─── Source data ───

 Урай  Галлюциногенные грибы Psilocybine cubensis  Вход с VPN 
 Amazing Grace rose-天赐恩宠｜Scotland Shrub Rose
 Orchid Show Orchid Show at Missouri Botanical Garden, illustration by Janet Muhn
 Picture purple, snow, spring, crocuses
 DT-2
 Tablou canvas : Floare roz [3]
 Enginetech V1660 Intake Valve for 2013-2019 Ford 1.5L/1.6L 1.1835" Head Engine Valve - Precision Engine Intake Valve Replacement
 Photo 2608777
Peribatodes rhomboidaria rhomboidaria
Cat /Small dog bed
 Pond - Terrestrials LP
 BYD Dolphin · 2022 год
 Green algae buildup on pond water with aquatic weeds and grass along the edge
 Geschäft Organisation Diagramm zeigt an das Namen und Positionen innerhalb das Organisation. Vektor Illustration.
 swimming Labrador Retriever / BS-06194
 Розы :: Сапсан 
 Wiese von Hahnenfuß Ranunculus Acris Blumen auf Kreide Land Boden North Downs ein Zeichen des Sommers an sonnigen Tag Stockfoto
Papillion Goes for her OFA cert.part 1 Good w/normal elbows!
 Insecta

───

■ **Required action**
Please give the material above once more, unchanged.

■ **Exercise answer**
 Урай  Галлюциногенные грибы Psilocybine cubensis  Вход с VPN 
 Amazing Grace rose-天赐恩宠｜Scotland Shrub Rose
 Orchid Show Orchid Show at Missouri Botanical Garden, illustration by Janet Muhn
 Picture purple, snow, spring, crocuses
 DT-2
 Tablou canvas : Floare roz [3]
 Enginetech V1660 Intake Valve for 2013-2019 Ford 1.5L/1.6L 1.1835" Head Engine Valve - Precision Engine Intake Valve Replacement
 Photo 2608777
Peribatodes rhomboidaria rhomboidaria
Cat /Small dog bed
 Pond - Terrestrials LP
 BYD Dolphin · 2022 год
 Green algae buildup on pond water with aquatic weeds and grass along the edge
 Geschäft Organisation Diagramm zeigt an das Namen und Positionen innerhalb das Organisation. Vektor Illustration.
 swimming Labrador Retriever / BS-06194
 Розы :: Сапсан 
 Wiese von Hahnenfuß Ranunculus Acris Blumen auf Kreide Land Boden North Downs ein Zeichen des Sommers an sonnigen Tag Stockfoto
Papillion Goes for her OFA cert.part 1 Good w/normal elbows!
 Insecta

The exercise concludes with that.